Move over, LL Cool J, because some Colorado politicians can’t live without their radio.

Republican candidates Mike Coffman (secretary of state) and Mark Hillman (state treasurer) are advertising almost exclusively on radio, as are Democrats Bill Winter (congress, CO-6) and Fern O’Brien (attorney general). While some candidates are using radio instead of TV because of a lack of money, some are doing it because of a lack of planning. Either way, a failure to make it onto television when your opponents are all over the tube does not put you in a good position for victory on Election Day.

Of the four candidates mentioned here, Coffman is the only one who seems to have made his decision with other options on the table. He chose radio for strategic purposes, not because he couldn’t do TV, and we’ll see if he was wise.

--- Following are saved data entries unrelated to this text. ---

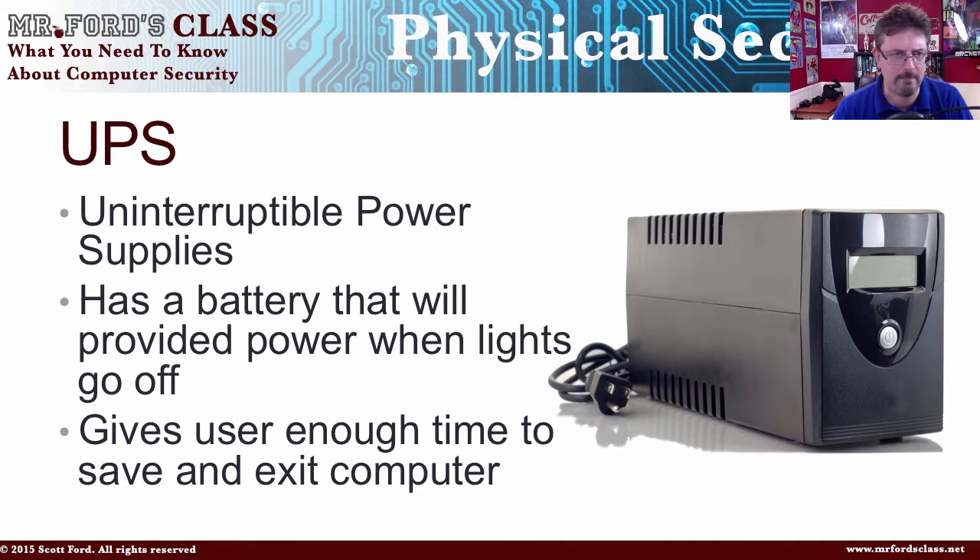The UPS is designed to keep your computer on long enough so you can back things up and shut it down. Do not plug anything into the UPS that would drain the battery severely. For example, don't plug a laser printer into the UPS — I'd recommend not plugging any printer into the battery backup portion at all. You don't want anything on the battery backup that you don't really need running if the power goes out. You're just trying to save your work and exit.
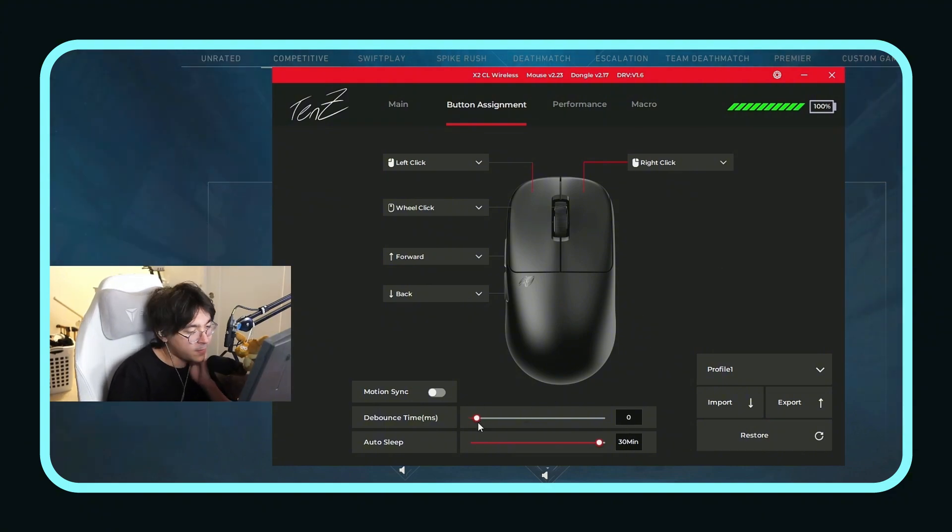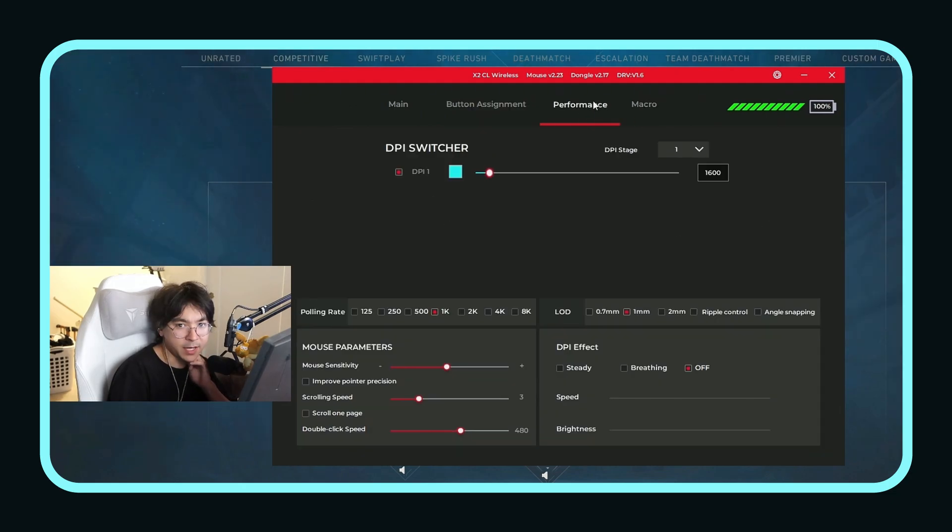Debounce at 2? Yeah, that's what I put. For debounce, I can't really tell the difference between certain debounce values, but I don't actively test it. Everything should be basically the same.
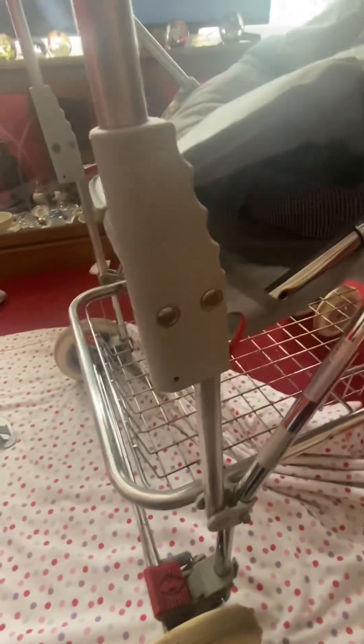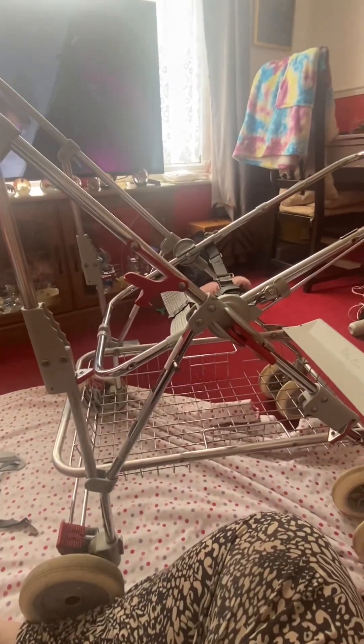Once you've removed your buckles — I've already took mine out — your seat unit is literally a pop. Undo the poppers on both sides. Once opened, you should have a flap like this; that's the clutch pad. I've already put mine through. From there you'll have the bottom part of the seat unit over the bars — literally just pull it over like that. Once it's like this, get the top part and pull it off.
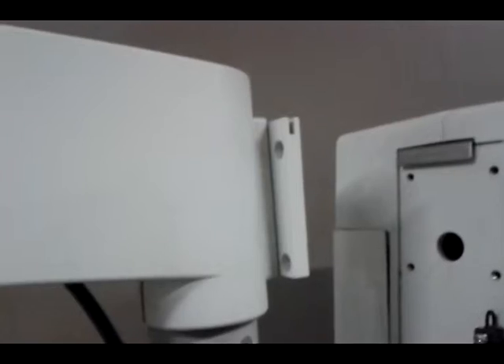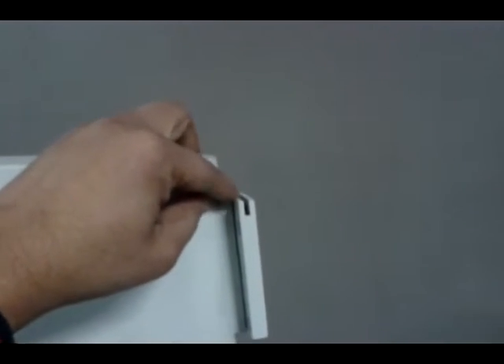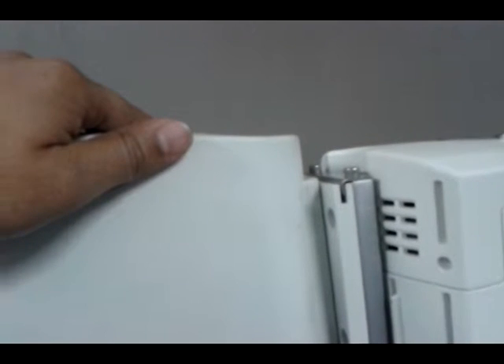Now lift the power supply like this. There is a slot given which we have to match with the power supply. Now it will be fixed like this. After that, secure the screws from both sides.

O’Brien never had enough money for television, and it’s hard to explain why she would spend money on a radio buy that included 760 AM (Air America). Most of the people listening to 760 AM are active Democrats; in other words, people who are already going to vote for O’Brien.

Hillman and Winter both spent more money than they could afford to spend and still make it onto TV, and neither are doing radio buys that are likely to be particularly effective. Hillman has purchased time on Rush Limbaugh’s show, for example, targeting a group of voters (like O’Brien) that were probably going to vote for him anyway. Hillman accepted the spending limits provision, as did Democrat Cary Kennedy, but Kennedy saved every penny for television while Hillman had spent a third of his warchest by the end of the summer.

Winter didn’t raise a ton of money but didn’t plan very well, either. When all is said and done, he’ll have spent several tens of thousands of dollars running radio ads – money that probably could have gotten him a decent cable TV buy had he planned better. Winter may have a good radio presence, but most of those listeners aren’t even in his congressional district. At least Coffman, Hillman and O’Brien don’t have to worry about the radio reaching people that can’t vote for them (because they are running statewide).

Is TV the most valuable medium in Colorado? We’ll find out. The opponents of Hillman, Coffman, Winter and O’Brien were all on TV. If all four opponents win on Election Day, television may play a major role.